Below is the code of my pipeline and the final out video

from moviepy.editor import VideoFileClip
from IPython.display import HTML

class MyImageProcessor(object):
    
    prev_heatmaps = []
      
    # Pipeline to process input images     
    def pipeline(self, image):
        draw_image = np.copy(image)

        image = image.astype(np.float32)/255

        windows = slide_window(image, x_start_stop=[750, None], y_start_stop=y_start_stop, 
                            xy_windows=[(96, 96),(128, 128),(64,64)], xy_overlap=(0.75, 0.75))

        hot_windows = search_windows(image, windows, svc, X_scaler, color_space=color_space, 
                                spatial_size=spatial_size, hist_bins=hist_bins, 
                                orient=orient, pix_per_cell=pix_per_cell, 
                                cell_per_block=cell_per_block, 
                                hog_channel=hog_channel, spatial_feat=spatial_feat, 
                                hist_feat=hist_feat, hog_feat=hog_feat)                       

        window_img = draw_boxes(draw_image, hot_windows, color=(0, 0, 255), thick=6)
        
        heat = np.zeros_like(image[:,:,0]).astype(np.float)
        
        # Add heat to each box in box list
        heat = add_heat(heat,hot_windows)

        # Apply threshold to help remove false positives
        heat = apply_threshold(heat,2)

        # Visualize the heatmap when displaying    
        heatmap = np.clip(heat, 0, 255)

        # Find final boxes from heatmap using label function
        labels = label(heatmap)
      
        result = draw_labeled_bboxes(draw_image, labels)
                
        return result
    
image_processor = MyImageProcessor()
# Import everything needed to edit/save/watch video clips
from moviepy.editor import VideoFileClip
from IPython.display import HTML

white_output = 'project_video_output3.mp4'
## To speed up the testing process you may want to try your pipeline on a shorter subclip of the video
## To do so add .subclip(start_second,end_second) to the end of the line below
## Where start_second and end_second are integer values representing the start and end of the subclip
## You may also uncomment the following line for a subclip of the first 5 seconds
##clip1 = VideoFileClip("test_videos/solidWhiteRight.mp4").subclip(0,5)
clip1 = VideoFileClip("project_video.mp4")
white_clip = clip1.fl_image(image_processor.pipeline) #NOTE: this function expects color images!!
%time white_clip.write_videofile(white_output, audio=False)
[MoviePy] >>>> Building video project_video_output3.mp4
[MoviePy] Writing video project_video_output3.mp4


100%|███████████████████████████████████████████████████████████████████████████▉| 1260/1261 [1:05:51<00:03,  3.05s/it]


[MoviePy] Done.
[MoviePy] >>>> Video ready: project_video_output3.mp4 

Wall time: 1h 5min 53s
HTML("""
<video width="960" height="540" controls>
  <source src="{0}">
</video>
""".format(white_output))

Discussion

1. Briefly discuss any problems / issues you faced in your implementation of this project. Where will your pipeline likely fail? What could you do to make it more robust?
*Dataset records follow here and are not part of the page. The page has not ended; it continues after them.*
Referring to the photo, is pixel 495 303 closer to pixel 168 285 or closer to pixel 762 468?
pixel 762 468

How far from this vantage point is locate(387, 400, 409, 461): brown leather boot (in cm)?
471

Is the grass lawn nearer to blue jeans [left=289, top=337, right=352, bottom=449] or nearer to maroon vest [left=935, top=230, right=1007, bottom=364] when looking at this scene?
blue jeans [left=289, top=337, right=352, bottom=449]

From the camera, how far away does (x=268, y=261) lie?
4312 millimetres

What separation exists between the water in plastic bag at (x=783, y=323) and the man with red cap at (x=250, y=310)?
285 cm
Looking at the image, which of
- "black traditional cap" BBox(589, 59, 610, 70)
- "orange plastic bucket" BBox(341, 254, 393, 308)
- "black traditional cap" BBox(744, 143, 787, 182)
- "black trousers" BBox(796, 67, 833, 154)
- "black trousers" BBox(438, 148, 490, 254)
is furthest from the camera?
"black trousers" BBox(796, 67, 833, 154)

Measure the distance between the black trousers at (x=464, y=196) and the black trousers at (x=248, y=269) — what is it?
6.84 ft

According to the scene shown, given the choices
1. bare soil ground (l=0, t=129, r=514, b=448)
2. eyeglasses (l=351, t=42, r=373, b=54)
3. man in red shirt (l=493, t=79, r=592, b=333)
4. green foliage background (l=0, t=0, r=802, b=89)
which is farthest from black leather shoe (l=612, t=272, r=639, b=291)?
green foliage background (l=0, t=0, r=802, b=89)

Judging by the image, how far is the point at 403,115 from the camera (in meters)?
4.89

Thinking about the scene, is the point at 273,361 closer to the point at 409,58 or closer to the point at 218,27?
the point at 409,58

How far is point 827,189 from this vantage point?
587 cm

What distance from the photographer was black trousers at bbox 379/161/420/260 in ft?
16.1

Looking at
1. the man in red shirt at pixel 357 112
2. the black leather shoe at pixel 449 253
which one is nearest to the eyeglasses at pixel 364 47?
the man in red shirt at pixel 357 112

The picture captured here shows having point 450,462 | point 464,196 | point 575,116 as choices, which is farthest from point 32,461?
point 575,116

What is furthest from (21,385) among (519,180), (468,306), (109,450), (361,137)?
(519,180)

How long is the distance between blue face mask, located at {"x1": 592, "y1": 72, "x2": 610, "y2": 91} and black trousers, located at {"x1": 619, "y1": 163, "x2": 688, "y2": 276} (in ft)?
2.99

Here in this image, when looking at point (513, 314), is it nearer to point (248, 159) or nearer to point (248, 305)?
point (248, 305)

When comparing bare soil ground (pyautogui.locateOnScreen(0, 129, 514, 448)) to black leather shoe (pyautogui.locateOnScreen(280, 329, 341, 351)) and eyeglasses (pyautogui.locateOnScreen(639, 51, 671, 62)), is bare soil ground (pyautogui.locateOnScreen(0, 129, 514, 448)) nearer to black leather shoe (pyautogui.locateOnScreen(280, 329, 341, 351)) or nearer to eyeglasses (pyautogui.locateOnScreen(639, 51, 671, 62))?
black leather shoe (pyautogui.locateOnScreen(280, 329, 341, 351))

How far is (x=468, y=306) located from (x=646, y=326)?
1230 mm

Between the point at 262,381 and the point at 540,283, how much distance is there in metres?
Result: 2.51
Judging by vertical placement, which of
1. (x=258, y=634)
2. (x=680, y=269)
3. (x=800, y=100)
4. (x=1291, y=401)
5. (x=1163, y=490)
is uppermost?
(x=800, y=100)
While working on the code, initially I was getting the validation accuracy of 96%, So then after trying different combinations of the input parameters, finally the pipeline worked for me by using RBF kernel and YCrCb color channel. I got the accuray of around 99%. Also there were may false positives in my final output, so to remove them, I created the hog map of the detected windows, applied the min threshold of 2 and limited the search area to the lower right half of the image.
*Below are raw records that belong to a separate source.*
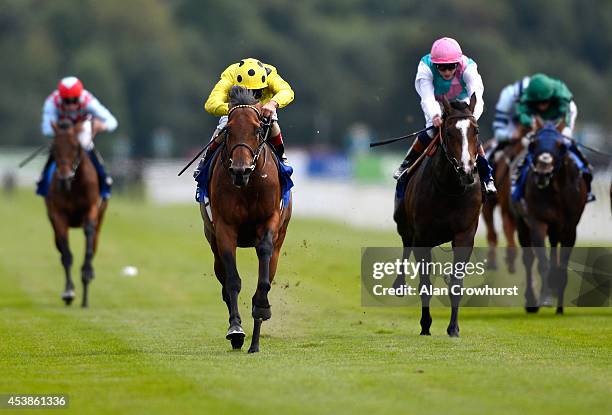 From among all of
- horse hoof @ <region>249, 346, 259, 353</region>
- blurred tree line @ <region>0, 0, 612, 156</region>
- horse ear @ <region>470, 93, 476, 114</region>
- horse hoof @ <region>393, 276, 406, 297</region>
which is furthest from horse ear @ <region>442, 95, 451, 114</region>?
blurred tree line @ <region>0, 0, 612, 156</region>

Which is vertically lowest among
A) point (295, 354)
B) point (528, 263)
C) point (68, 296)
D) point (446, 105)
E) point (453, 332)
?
point (295, 354)

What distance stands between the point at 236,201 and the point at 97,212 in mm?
7547

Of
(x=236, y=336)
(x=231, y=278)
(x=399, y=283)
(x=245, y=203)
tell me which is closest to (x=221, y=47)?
(x=399, y=283)

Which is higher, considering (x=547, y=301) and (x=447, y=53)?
(x=447, y=53)

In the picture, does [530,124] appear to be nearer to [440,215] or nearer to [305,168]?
[440,215]

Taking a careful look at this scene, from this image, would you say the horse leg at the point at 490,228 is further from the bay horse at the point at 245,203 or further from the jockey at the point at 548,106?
the bay horse at the point at 245,203

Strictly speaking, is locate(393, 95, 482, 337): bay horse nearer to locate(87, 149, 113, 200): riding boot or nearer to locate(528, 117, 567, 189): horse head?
locate(528, 117, 567, 189): horse head

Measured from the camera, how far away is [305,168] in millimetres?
53875

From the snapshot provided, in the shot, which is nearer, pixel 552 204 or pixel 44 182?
pixel 552 204

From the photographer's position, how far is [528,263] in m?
17.3

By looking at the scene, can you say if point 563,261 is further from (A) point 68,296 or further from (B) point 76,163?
(B) point 76,163

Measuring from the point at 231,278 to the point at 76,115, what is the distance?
774cm

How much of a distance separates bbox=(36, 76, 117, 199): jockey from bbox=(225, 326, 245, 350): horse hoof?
734 centimetres

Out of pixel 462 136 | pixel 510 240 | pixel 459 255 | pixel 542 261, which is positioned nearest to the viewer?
pixel 462 136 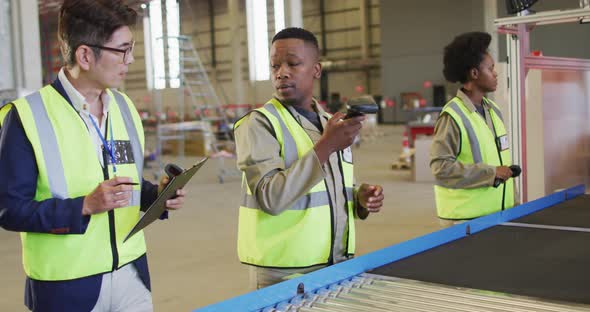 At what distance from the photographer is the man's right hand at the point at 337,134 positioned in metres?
1.65

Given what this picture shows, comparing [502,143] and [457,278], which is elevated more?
[502,143]

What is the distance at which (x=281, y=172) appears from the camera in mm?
1730

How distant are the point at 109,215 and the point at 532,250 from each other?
4.02ft

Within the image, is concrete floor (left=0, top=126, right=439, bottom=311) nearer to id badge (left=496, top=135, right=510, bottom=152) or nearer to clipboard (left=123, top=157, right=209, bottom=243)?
id badge (left=496, top=135, right=510, bottom=152)

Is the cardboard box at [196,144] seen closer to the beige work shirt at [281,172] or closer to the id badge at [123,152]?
the beige work shirt at [281,172]

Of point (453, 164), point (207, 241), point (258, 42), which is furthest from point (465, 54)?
point (258, 42)

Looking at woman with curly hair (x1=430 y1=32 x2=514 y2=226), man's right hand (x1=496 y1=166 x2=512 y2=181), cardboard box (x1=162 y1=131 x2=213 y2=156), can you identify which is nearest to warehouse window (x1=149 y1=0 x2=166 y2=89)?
cardboard box (x1=162 y1=131 x2=213 y2=156)

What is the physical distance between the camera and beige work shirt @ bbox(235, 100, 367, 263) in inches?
66.9

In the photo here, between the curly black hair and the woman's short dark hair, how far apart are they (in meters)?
1.75

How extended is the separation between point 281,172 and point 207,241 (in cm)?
453

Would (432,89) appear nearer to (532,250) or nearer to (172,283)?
(172,283)

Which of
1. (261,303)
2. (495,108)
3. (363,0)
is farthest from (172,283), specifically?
(363,0)

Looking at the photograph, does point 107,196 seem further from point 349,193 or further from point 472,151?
point 472,151

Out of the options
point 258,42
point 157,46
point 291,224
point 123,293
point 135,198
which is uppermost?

My pipeline is probably most likely to fail in cases where vehicles (or the HOG features thereof) don't resemble to those in the training dataset, but lighting and environmental conditions might also play a role (e.g. a white car against a white background). Also I feel that my pipeline is not fast enough to be used in realtime. So to detect the vehicles in realtime, I will try to use the deep learning based "YOLO" object detection techinique which I feel will definately improve the performance.